Barbara Hütter: Ich würde sagen, wir bereiten uns gerade intensiv auf die Zukunft vor. Durch die demografische Entwicklung und unsere sehr gute medizinische Versorgung wird die Konzentration von Arzneimittelresten und deren Abbauprodukten im Abwasser ansteigen. Außerdem wird sparsamer mit Wasser umgegangen, das Abwasser wird also auch bei weiterem Zuzug eher „dicker“ werden. Zudem führt der Klimawandel zu immer spärlicheren Niederschlägen, manchmal aber auch zu Starkregen. Auf diese Trends reagieren wir mit unseren zahlreichen Baustellen im Werk.

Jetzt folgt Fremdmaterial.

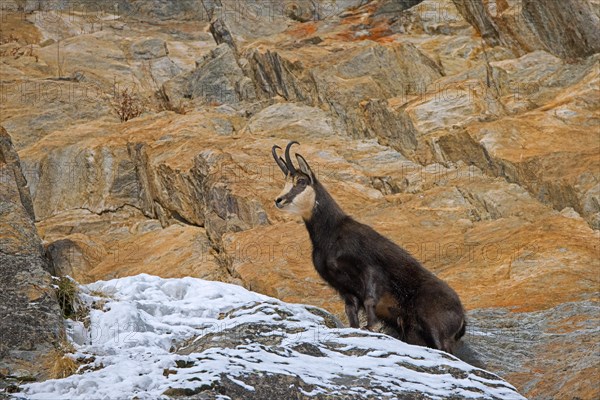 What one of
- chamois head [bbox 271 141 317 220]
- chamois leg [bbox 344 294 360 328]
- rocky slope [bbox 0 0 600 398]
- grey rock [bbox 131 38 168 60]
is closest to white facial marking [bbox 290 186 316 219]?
chamois head [bbox 271 141 317 220]

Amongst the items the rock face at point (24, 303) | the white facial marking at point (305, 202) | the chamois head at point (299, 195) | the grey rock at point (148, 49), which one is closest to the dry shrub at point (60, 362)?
the rock face at point (24, 303)

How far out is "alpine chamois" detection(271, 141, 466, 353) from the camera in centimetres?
942

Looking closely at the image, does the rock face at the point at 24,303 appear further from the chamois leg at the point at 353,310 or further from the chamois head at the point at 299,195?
the chamois leg at the point at 353,310

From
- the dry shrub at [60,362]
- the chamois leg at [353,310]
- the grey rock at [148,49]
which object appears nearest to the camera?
the dry shrub at [60,362]

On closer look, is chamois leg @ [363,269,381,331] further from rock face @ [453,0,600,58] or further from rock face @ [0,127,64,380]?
rock face @ [453,0,600,58]

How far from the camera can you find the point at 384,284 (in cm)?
979

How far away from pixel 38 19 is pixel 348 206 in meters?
20.4

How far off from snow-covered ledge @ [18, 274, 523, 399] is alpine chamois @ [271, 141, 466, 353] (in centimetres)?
52

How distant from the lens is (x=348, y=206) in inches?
696

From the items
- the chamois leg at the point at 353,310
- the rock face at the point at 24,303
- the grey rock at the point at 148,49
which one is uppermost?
the grey rock at the point at 148,49

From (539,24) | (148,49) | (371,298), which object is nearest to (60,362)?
(371,298)

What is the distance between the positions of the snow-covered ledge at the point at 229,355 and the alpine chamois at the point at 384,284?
52 cm

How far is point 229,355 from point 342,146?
13970 mm

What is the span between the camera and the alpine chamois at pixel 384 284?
9.42m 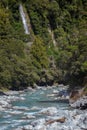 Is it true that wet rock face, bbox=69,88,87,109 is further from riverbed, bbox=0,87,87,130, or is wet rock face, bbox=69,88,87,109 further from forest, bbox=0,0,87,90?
forest, bbox=0,0,87,90

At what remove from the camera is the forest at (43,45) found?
155ft

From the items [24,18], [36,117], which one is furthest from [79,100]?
Answer: [24,18]

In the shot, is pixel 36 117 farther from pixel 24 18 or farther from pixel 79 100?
pixel 24 18

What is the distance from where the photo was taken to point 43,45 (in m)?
95.7

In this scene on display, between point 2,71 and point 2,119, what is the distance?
29888 mm

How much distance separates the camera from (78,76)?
4388 cm

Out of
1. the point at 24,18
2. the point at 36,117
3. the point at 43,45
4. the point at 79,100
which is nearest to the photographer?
the point at 36,117

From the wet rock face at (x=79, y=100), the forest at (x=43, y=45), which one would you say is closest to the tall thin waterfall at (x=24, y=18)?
the forest at (x=43, y=45)

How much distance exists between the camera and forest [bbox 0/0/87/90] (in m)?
47.2

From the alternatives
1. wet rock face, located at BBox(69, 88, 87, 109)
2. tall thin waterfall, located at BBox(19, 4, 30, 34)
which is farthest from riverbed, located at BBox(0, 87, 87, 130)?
tall thin waterfall, located at BBox(19, 4, 30, 34)

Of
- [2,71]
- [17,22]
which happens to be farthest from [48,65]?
[2,71]

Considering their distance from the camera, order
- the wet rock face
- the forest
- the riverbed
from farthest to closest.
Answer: the forest < the wet rock face < the riverbed

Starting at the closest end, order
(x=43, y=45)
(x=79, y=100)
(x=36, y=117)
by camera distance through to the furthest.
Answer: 1. (x=36, y=117)
2. (x=79, y=100)
3. (x=43, y=45)

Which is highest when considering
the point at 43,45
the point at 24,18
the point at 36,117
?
the point at 24,18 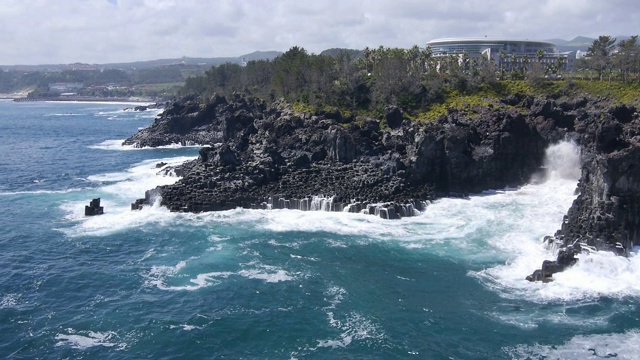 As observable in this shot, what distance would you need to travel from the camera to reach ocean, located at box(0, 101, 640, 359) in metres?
48.1

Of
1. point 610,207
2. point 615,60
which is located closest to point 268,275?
point 610,207

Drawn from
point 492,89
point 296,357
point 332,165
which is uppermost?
point 492,89

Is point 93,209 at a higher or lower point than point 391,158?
lower

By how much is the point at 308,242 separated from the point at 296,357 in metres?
27.5

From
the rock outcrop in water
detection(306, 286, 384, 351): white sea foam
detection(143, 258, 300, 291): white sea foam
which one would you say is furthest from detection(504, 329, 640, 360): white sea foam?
the rock outcrop in water

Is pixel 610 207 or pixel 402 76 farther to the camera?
pixel 402 76

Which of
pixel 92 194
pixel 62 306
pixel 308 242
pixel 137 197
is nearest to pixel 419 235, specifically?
pixel 308 242

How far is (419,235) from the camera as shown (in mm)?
74438

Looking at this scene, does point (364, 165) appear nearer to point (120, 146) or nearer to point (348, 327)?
point (348, 327)

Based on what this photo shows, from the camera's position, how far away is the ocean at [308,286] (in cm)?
4806

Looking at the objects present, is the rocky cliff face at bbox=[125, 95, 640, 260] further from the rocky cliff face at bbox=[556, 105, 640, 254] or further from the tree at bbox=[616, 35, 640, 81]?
the tree at bbox=[616, 35, 640, 81]

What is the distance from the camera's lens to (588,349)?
4650 centimetres

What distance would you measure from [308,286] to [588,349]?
2696cm

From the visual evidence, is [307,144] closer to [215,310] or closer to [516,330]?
[215,310] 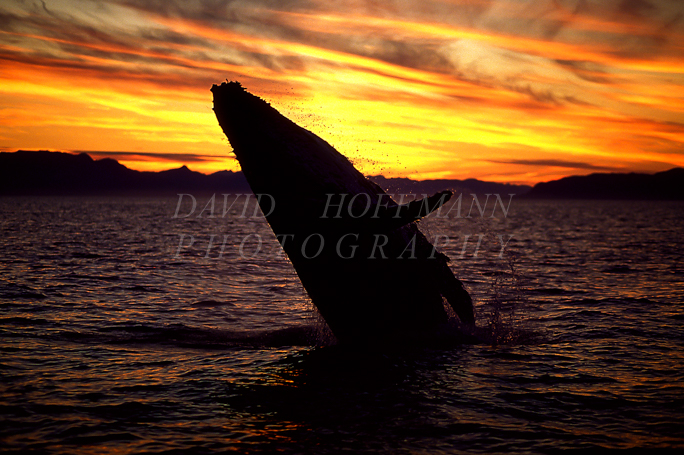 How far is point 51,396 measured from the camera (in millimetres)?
7789

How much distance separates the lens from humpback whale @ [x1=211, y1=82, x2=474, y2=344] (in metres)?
7.95

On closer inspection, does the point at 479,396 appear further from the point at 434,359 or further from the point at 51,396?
the point at 51,396

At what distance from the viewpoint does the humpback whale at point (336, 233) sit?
795cm

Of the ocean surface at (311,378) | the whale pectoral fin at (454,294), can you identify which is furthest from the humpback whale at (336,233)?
the ocean surface at (311,378)

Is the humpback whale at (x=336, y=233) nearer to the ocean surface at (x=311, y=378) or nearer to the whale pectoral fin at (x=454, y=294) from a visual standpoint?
the whale pectoral fin at (x=454, y=294)

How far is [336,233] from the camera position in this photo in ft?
25.7

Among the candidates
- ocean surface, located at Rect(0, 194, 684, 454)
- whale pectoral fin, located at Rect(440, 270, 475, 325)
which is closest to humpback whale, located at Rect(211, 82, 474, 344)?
whale pectoral fin, located at Rect(440, 270, 475, 325)

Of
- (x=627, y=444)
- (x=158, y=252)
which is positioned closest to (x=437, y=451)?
(x=627, y=444)

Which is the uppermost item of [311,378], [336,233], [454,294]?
[336,233]

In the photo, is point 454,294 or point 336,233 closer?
point 336,233

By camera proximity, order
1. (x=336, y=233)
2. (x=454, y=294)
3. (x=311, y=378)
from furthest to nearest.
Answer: (x=454, y=294) → (x=311, y=378) → (x=336, y=233)

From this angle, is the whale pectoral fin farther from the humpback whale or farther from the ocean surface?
the ocean surface

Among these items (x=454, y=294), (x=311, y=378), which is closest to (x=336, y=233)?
(x=311, y=378)

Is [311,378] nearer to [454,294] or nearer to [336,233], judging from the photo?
[336,233] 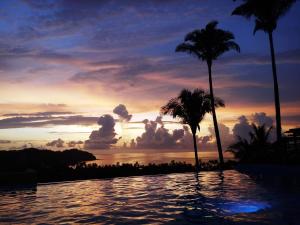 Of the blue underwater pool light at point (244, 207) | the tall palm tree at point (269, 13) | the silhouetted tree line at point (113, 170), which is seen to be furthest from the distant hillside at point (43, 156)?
the tall palm tree at point (269, 13)

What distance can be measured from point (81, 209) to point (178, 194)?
4793 mm

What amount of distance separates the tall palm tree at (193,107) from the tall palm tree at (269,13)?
6.78 metres

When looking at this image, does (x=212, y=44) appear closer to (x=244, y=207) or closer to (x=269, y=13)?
(x=269, y=13)

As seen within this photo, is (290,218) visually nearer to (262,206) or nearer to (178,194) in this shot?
(262,206)

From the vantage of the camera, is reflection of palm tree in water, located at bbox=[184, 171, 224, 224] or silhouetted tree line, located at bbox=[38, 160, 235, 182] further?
silhouetted tree line, located at bbox=[38, 160, 235, 182]

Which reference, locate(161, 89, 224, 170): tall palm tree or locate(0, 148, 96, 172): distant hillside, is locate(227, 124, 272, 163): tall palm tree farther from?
locate(0, 148, 96, 172): distant hillside

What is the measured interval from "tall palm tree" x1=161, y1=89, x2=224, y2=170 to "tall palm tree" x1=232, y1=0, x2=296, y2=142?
678 cm

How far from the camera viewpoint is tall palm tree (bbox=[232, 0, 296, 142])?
2593 cm

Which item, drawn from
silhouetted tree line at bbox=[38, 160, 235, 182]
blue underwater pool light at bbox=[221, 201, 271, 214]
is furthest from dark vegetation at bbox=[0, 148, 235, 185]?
blue underwater pool light at bbox=[221, 201, 271, 214]

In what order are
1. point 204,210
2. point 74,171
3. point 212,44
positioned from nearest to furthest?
point 204,210
point 74,171
point 212,44

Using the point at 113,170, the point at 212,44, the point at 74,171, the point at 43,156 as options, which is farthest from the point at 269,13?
the point at 43,156

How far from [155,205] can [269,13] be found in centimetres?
1975

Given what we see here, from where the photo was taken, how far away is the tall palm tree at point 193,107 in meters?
30.9

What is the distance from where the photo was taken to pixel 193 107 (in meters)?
30.9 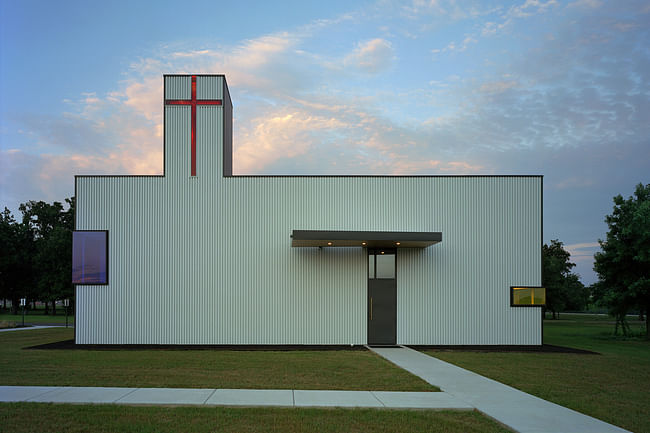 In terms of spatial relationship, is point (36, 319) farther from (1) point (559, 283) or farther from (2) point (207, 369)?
(1) point (559, 283)

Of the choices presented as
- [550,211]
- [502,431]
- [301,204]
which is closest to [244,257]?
[301,204]

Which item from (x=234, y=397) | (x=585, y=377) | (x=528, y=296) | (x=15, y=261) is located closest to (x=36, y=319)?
(x=15, y=261)

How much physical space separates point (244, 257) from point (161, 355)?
16.1ft

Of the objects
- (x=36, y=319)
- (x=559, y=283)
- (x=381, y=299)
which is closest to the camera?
(x=381, y=299)

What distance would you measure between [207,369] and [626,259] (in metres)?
21.5

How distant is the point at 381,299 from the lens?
1842 cm

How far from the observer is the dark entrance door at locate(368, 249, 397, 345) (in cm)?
1828

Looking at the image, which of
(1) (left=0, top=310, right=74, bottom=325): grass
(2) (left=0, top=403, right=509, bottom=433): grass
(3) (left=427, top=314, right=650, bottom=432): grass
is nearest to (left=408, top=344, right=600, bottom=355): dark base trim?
(3) (left=427, top=314, right=650, bottom=432): grass

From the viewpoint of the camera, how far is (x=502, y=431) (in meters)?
6.89

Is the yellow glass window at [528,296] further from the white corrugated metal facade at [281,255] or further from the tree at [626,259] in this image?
the tree at [626,259]

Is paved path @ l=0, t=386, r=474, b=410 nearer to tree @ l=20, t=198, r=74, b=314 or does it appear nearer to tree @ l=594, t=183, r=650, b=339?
tree @ l=594, t=183, r=650, b=339

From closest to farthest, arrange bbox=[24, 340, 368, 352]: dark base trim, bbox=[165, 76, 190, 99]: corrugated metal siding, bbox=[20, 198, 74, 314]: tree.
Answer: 1. bbox=[24, 340, 368, 352]: dark base trim
2. bbox=[165, 76, 190, 99]: corrugated metal siding
3. bbox=[20, 198, 74, 314]: tree

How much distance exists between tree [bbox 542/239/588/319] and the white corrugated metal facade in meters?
25.5

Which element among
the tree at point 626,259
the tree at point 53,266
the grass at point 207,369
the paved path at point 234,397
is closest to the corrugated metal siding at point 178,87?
the grass at point 207,369
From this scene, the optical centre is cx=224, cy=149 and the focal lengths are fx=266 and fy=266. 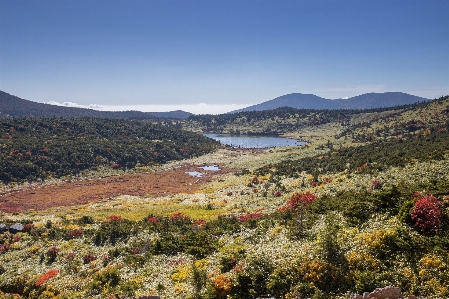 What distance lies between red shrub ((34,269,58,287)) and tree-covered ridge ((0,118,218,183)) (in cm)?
6418

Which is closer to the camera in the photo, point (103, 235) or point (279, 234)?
point (279, 234)

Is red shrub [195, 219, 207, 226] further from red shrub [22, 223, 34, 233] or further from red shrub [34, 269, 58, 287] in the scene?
red shrub [22, 223, 34, 233]

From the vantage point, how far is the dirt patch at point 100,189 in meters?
57.1

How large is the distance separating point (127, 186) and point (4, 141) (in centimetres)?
5850

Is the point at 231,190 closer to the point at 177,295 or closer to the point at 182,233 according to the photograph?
the point at 182,233

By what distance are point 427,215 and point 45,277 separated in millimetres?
30482

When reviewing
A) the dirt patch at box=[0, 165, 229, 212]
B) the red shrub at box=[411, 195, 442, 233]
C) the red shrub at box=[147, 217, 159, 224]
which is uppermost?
the red shrub at box=[411, 195, 442, 233]

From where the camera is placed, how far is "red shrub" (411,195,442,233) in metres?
15.7

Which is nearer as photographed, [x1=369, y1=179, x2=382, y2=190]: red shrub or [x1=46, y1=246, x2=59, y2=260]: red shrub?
[x1=46, y1=246, x2=59, y2=260]: red shrub

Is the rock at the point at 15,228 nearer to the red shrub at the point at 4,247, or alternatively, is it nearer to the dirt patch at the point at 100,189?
the red shrub at the point at 4,247

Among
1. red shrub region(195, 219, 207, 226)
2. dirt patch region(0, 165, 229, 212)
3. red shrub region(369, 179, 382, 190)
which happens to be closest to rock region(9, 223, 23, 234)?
dirt patch region(0, 165, 229, 212)

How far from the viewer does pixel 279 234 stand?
22156 mm

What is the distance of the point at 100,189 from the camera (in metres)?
69.7

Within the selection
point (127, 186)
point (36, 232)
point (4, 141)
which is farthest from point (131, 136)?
point (36, 232) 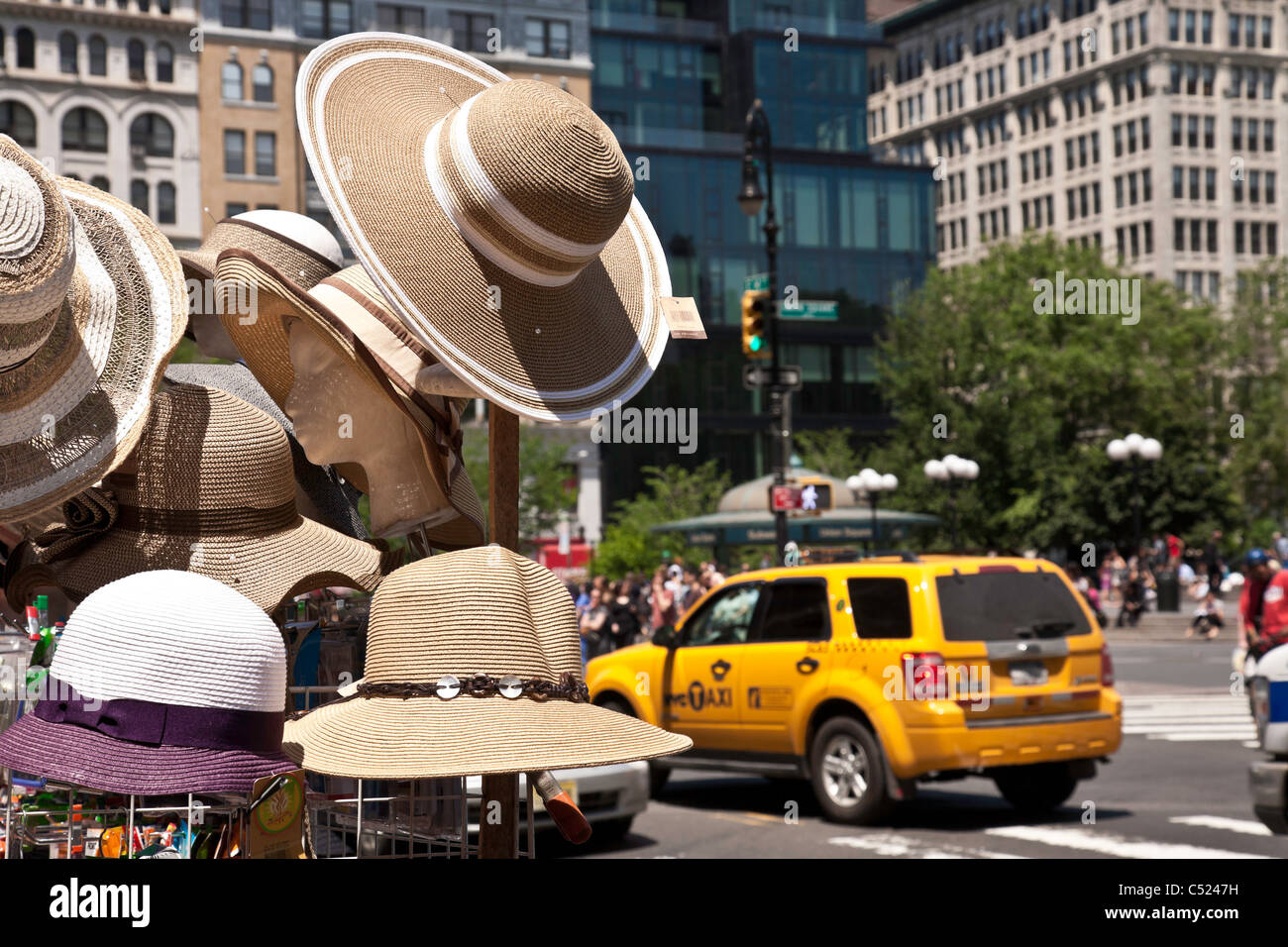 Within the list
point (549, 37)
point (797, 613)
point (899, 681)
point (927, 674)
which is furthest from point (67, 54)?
point (927, 674)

Und hier hat sich schon viel getan. Wir haben einen größeren Ableiter unter der Autobahn verlegt und der 40.000m³ fassende Mischwasserspeicher steht kurz vor der Fertigstellung. Die Arbeiten zur Minderung der Geruchsbelästigung werden voraussichtlich bis Jahresende beendet und nun startet die Umsetzung der sogenannten 4. Reinigungsstufe.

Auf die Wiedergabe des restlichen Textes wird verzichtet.